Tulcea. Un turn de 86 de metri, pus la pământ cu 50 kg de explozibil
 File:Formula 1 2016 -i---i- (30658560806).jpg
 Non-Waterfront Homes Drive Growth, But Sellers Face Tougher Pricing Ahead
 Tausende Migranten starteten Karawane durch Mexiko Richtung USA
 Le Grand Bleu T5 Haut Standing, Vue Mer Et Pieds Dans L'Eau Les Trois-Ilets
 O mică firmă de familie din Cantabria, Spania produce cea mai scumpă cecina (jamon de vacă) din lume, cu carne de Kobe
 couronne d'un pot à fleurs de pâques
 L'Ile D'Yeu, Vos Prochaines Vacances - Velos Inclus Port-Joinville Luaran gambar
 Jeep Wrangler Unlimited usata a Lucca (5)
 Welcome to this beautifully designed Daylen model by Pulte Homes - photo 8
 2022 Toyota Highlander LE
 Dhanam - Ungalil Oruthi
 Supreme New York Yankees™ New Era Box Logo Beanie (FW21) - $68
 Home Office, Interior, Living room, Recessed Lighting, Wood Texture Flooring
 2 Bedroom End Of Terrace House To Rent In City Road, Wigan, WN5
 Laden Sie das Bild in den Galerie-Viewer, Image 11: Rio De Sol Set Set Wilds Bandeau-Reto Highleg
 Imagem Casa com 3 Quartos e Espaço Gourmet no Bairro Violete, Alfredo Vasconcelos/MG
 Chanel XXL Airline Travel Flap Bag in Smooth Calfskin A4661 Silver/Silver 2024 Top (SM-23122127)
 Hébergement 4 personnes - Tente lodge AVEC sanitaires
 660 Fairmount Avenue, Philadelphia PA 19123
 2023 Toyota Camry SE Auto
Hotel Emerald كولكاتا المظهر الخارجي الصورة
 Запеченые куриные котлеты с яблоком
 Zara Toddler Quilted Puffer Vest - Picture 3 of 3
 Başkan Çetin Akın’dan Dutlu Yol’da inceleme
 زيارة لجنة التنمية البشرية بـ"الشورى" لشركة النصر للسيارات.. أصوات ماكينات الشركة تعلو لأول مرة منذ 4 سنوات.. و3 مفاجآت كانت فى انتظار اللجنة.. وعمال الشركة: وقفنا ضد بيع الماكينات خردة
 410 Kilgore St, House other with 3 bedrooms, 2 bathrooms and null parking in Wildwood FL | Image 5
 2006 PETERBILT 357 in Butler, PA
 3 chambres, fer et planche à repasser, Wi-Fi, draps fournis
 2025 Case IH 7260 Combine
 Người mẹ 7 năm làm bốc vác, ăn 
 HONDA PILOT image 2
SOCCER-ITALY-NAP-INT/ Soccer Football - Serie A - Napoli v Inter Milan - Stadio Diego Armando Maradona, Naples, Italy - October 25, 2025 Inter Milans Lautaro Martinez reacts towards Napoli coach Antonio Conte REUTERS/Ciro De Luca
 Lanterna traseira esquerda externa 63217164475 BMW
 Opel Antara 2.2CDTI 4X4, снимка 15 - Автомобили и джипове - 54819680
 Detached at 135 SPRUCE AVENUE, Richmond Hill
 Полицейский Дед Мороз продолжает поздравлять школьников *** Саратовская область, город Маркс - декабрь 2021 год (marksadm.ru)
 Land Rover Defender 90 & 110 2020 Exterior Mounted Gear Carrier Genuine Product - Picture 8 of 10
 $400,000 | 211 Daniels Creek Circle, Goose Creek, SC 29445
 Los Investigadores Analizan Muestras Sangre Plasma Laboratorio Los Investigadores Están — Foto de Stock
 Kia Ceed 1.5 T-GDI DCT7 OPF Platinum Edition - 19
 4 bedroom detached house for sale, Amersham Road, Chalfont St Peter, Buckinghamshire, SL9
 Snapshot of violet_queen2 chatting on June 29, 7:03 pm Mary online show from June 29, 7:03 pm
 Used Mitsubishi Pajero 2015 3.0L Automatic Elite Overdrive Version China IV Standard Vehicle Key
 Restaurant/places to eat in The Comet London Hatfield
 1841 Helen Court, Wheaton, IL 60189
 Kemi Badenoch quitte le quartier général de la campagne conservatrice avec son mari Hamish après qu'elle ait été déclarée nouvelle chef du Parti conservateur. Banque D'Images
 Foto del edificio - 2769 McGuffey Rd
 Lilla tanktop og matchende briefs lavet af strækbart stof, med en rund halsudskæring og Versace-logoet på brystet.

#####

▶ **TASK REQUIREMENTS**
Pull every line containing "Toyota" out of the entries.

▶ **RESPONSE**
 2022 Toyota Highlander LE
 2023 Toyota Camry SE Auto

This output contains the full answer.